DHKPC'yi-Deniz'i övenler, 'aydınlar öldürüldü' diyemez!

Bir gazetenin, hem teröre destek verip, hem de terörden şikayetçi olması, mümkün mü

"Asla, olmazolamaz" diyeceksiniz.

Hafızanızı yoklamazsanız, bunun bir örneğinin de, zaten olmadığını zannedeceksiniz..

Oysa örneği var.

Hem de terörden şikayetçi olduğu halde, teröristleri öven gazete örneği 100 yaşında..

Yok yok, kenarından köşesinden eleştirip, ismini vermeden konuyu kapatacağımı sanmayın..

Açık açık yazacağım..

100. kuruluş yıldönümünü kutlayan, bunun için de CHP'li belediyelerin tebrik mesajlarını paralı olarak yayınlayan Cumhuriyet gazetesi, dün verdiği eklerinde "Karanlığa ışık tuttular" başlığı ile, gazetelerinde yazarlık yapan, örneğin Uğur Mumcu'nun terörist saldırı sonucu vefat ettiğini yazmış.

Doğru..

Uğur Mumcu, terörist bir saldırı sonucu öldü..

Ama aynı Cumhuriyet gazetesi, aynı nüshasının birinci sayfasında, terörist Deniz Gezmiş'i andı.

Nasıl oluyor bu

"Benim teröristim iyidir" mantığından başka nedir bu

Teröre, silahlı mücadeleye karşı iseniz, Uğur Mumcu'ya yönelik silahlı saldırıya da karşı çıkmanız ama aynı zamanda, başkalarına yönelik silahlı saldırılara da karşı çıkmanız gerekir..

Uğur Mumcu'yu ortadan kaldırmak isteyenler tarafından saldırı yapılınca karşı çıkıp..

Benzer saldırı, Deniz Gezmiş tarafından bizzat yapılınca övgü düzmek, nasıl bir kafanın ürünüdür..

Örneğim bir tane değil..

Soldan çarklı teröristlere kol kanat geren Cumhuriyet gazetesi, yazarlarından Ahmet Taner Kışlalı'yı da hatırlatmışlar..

Kışlalı'yı öldürenleri kınayın..

Eğer arkasında bir terör örgütü var ise, onu da lanetleyin..

Bu en tabii hakkınız..

Ama..

Bu ülkede onlarca cinayete imza atmış FETÖ terör örgütünün, MİT tırları ile ilgili operasyonel iftiralarını manşete taşırsanız, sizin teröre ve teröristlere karşı olduğunuza kim inanır

Lütfen bana, "Bir dönem Can Dündar isimli kişi genel yayın yönetmeni olmuştu. O dönem işgal altında idik.. O dönemi biz Cumhuriyet olarak görmüyoruz" demesinler..

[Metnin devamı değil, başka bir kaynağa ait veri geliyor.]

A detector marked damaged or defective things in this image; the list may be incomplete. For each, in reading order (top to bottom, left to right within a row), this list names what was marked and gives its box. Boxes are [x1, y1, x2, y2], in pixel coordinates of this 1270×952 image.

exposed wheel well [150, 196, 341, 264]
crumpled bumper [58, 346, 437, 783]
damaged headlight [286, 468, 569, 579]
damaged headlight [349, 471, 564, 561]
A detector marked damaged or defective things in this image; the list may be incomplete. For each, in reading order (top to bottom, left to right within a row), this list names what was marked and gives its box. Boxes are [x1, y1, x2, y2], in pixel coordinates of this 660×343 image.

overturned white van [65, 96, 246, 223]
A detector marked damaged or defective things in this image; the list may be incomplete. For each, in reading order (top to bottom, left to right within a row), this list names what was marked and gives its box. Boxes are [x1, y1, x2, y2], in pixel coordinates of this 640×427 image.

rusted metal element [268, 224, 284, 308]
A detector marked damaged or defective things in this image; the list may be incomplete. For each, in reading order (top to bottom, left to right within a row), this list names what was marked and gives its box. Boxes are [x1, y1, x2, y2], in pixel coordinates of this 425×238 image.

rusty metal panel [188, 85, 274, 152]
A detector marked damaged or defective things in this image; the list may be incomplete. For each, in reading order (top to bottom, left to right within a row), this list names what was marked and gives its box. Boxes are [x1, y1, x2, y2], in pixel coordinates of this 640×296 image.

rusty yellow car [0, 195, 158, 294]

"100 yaşındayız" dediklerine göre..

O dönemi de, yaşlarına ekliyorlar demektir..

Cumhuriyet gazetesi, Taksim'de bir lüks otelin kafesinde bombalı saldırıda ölen Onat Kutlar'ı da anmışlar..

Zaman zaman Cumhuriyet gazetesinde yazıları yayınlanan Bahriye Üçok'u, Muammer Aksoy'u da anmışlar..

Tabii ki ansınlar..

Ama o isimlerin bombalı ya da silahlı saldırılarda hayatlarını kaybettiklerini yazarken, hiçbir gazetenin veya derginin şöyle bir manşet atmadığını da unutmasınlar:

"Öldürenlerle röportaj yaptık.. Verdikleri mesaj şu idi: Mecbur bırakıldığımız eylem şekli idi"

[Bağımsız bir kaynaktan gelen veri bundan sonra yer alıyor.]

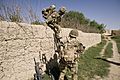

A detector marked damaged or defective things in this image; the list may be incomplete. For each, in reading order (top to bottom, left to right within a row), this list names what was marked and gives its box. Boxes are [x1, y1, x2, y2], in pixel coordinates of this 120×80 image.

cracked wall surface [0, 21, 101, 79]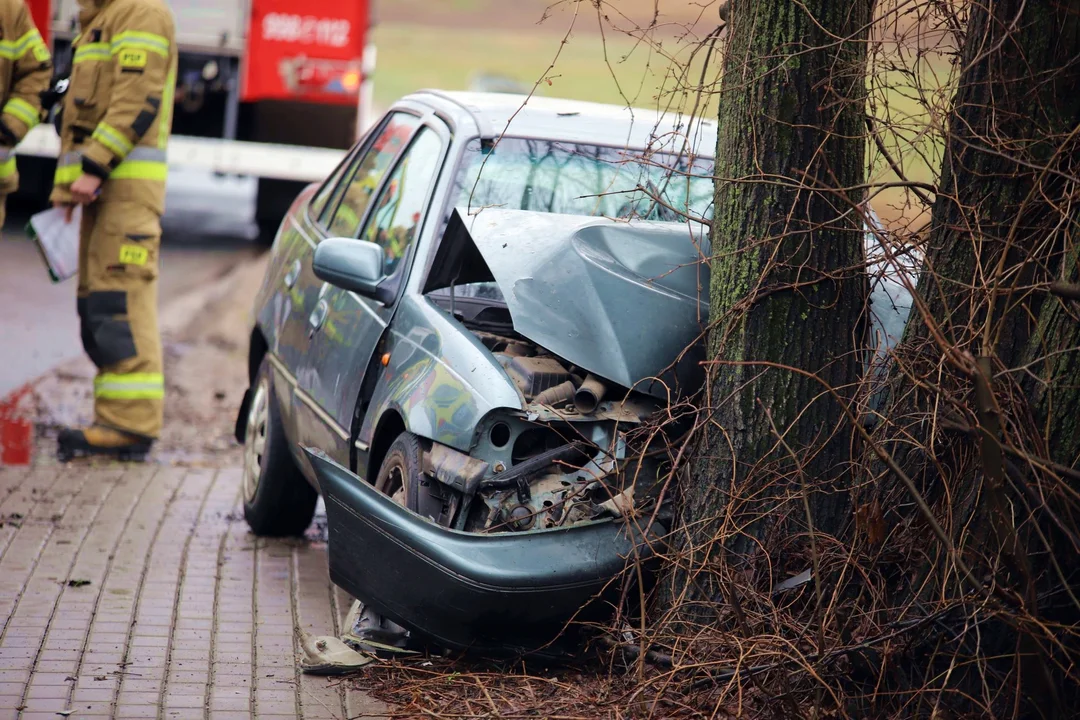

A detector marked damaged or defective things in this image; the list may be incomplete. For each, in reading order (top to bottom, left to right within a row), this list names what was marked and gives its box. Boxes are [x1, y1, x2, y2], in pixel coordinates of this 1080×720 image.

crumpled car hood [426, 208, 712, 394]
crashed silver car [236, 90, 912, 660]
damaged front bumper [300, 450, 664, 660]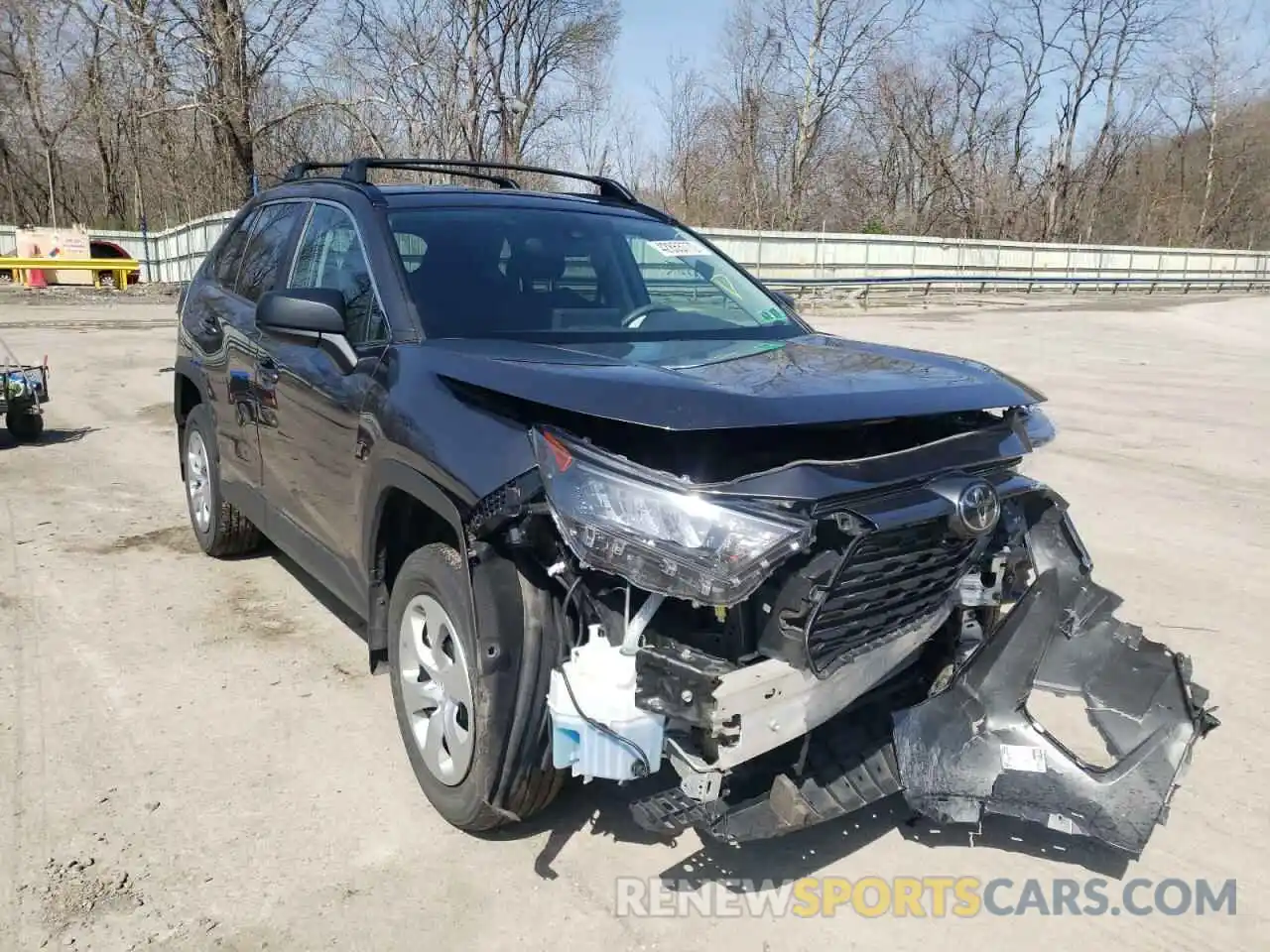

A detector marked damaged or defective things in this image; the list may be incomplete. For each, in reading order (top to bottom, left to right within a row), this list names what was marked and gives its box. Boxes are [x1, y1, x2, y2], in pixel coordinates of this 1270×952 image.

damaged suv [174, 160, 1213, 863]
crumpled hood [427, 332, 1041, 428]
detached front bumper [635, 500, 1218, 858]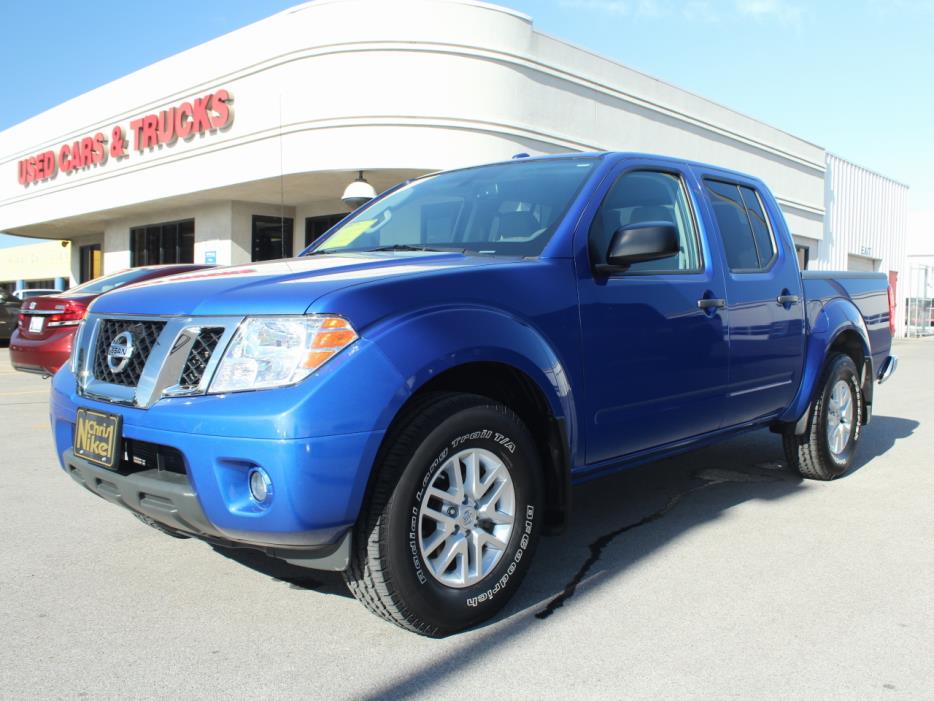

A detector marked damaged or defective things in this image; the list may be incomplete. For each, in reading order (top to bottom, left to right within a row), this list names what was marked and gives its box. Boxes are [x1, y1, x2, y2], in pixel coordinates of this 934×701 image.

crack in pavement [532, 464, 788, 616]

Evet, bu başlığı hatırlayacaksınız.

İstanbul Çağlayan Adliyesi'nde görevi başında iken rehin alınıp, 7 saat sonra şehid edilen Savcı Selim Kiraz'ın katili DHKPC'li teröristler, Cumhuriyet gazetesinin o tarihteki muhabiri Ahmet Şık ile konuşmuşlardı..

Teröristler, bir savcıyı şehid etmelerini makul ve mazur göstermek için, "mecbur bırakıldığımız eylem şekli idi" demişler..

Şimdi 100. yılını kutlayan Cumhuriyet gazetesi de, savcı Selim Kiraz'ın kafasına silah dayanmış şeklinde fotoğrafı da basarak, üzerine o teröristlerin ahlaksızca sarfettiği o cümleyi, yani "Mecbur bırakıldığımız eylem şekli" ifadesini, manşet olarak kullanmışlardı..

Yani terörü savunmuşlardı.

Yani teröristi mazur görmüşlerdi..

Yani terörist saldırıya meşruiyet kazandırmaya çalışmışlardı..

Bitti mi

Cumhuriyet'in teröristlere desteği bitmez..

PKK'lı teröristler için, gerilla diye övgüler düzenler de onlardır.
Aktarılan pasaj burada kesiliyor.